• WHAT TO PRODUCE
Look through the records below for the line with "MIGHTY THOR (1966-2018 SERIES) #444" and the line with "1 Photograph of", then return those lines and all lines between, exactly.

• RECORDS SUPPLIED
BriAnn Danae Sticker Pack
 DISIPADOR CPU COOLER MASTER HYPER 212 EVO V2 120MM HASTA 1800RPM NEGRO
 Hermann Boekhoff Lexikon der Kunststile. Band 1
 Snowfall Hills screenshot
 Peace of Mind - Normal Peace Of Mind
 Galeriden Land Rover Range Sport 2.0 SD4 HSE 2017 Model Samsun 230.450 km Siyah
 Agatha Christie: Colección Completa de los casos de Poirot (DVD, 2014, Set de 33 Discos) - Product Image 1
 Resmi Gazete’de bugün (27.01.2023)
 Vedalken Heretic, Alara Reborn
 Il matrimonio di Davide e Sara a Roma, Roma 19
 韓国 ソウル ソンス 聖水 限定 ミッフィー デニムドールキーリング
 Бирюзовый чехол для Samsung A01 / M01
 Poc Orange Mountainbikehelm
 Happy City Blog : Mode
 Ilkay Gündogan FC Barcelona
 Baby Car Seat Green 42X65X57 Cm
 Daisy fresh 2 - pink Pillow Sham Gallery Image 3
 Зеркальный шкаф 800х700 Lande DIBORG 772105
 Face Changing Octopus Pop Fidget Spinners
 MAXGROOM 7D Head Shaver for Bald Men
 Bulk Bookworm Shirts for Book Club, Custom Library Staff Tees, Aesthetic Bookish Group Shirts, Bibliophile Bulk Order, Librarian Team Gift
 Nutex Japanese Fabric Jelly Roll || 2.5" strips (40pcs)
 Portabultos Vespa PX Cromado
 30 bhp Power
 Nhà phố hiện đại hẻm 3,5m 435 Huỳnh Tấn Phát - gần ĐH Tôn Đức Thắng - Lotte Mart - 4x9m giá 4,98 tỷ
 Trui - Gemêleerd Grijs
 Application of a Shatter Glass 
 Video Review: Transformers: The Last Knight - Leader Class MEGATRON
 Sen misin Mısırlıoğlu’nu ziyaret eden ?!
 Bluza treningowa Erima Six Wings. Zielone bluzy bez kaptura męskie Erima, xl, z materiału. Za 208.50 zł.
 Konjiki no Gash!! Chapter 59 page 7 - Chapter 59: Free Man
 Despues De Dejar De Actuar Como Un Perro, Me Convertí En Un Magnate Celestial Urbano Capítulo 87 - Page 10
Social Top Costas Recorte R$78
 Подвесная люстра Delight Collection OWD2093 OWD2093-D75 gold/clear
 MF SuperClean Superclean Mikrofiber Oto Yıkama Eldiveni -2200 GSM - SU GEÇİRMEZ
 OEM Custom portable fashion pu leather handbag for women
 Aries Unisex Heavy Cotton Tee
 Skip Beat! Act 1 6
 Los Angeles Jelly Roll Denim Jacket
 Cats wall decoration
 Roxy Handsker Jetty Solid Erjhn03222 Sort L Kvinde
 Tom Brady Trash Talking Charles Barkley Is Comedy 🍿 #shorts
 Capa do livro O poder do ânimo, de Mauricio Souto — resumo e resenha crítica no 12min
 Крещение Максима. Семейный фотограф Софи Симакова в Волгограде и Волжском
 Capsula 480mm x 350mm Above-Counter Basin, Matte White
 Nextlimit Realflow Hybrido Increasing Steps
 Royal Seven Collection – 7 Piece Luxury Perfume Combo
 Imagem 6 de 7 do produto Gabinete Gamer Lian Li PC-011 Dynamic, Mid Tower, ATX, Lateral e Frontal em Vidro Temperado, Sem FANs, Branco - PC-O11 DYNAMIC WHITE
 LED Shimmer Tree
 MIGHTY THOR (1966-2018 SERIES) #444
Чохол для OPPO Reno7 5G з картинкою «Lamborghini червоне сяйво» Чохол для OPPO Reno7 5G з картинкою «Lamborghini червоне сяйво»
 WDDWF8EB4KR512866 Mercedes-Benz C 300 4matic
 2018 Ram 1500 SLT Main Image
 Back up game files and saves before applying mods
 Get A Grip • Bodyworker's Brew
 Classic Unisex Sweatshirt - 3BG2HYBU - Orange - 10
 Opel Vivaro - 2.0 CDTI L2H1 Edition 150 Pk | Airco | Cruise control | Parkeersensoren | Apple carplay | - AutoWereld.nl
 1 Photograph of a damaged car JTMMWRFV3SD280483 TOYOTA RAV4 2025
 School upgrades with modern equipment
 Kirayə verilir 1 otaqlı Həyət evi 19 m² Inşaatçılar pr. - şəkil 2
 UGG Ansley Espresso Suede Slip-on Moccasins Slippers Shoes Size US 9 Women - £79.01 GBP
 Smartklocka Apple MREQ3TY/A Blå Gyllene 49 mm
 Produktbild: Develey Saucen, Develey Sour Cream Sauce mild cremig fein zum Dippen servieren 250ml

• SOLUTION TO THIS PROBLEM
 MIGHTY THOR (1966-2018 SERIES) #444
Чохол для OPPO Reno7 5G з картинкою «Lamborghini червоне сяйво» Чохол для OPPO Reno7 5G з картинкою «Lamborghini червоне сяйво»
 WDDWF8EB4KR512866 Mercedes-Benz C 300 4matic
 2018 Ram 1500 SLT Main Image
 Back up game files and saves before applying mods
 Get A Grip • Bodyworker's Brew
 Classic Unisex Sweatshirt - 3BG2HYBU - Orange - 10
 Opel Vivaro - 2.0 CDTI L2H1 Edition 150 Pk | Airco | Cruise control | Parkeersensoren | Apple carplay | - AutoWereld.nl
 1 Photograph of a damaged car JTMMWRFV3SD280483 TOYOTA RAV4 2025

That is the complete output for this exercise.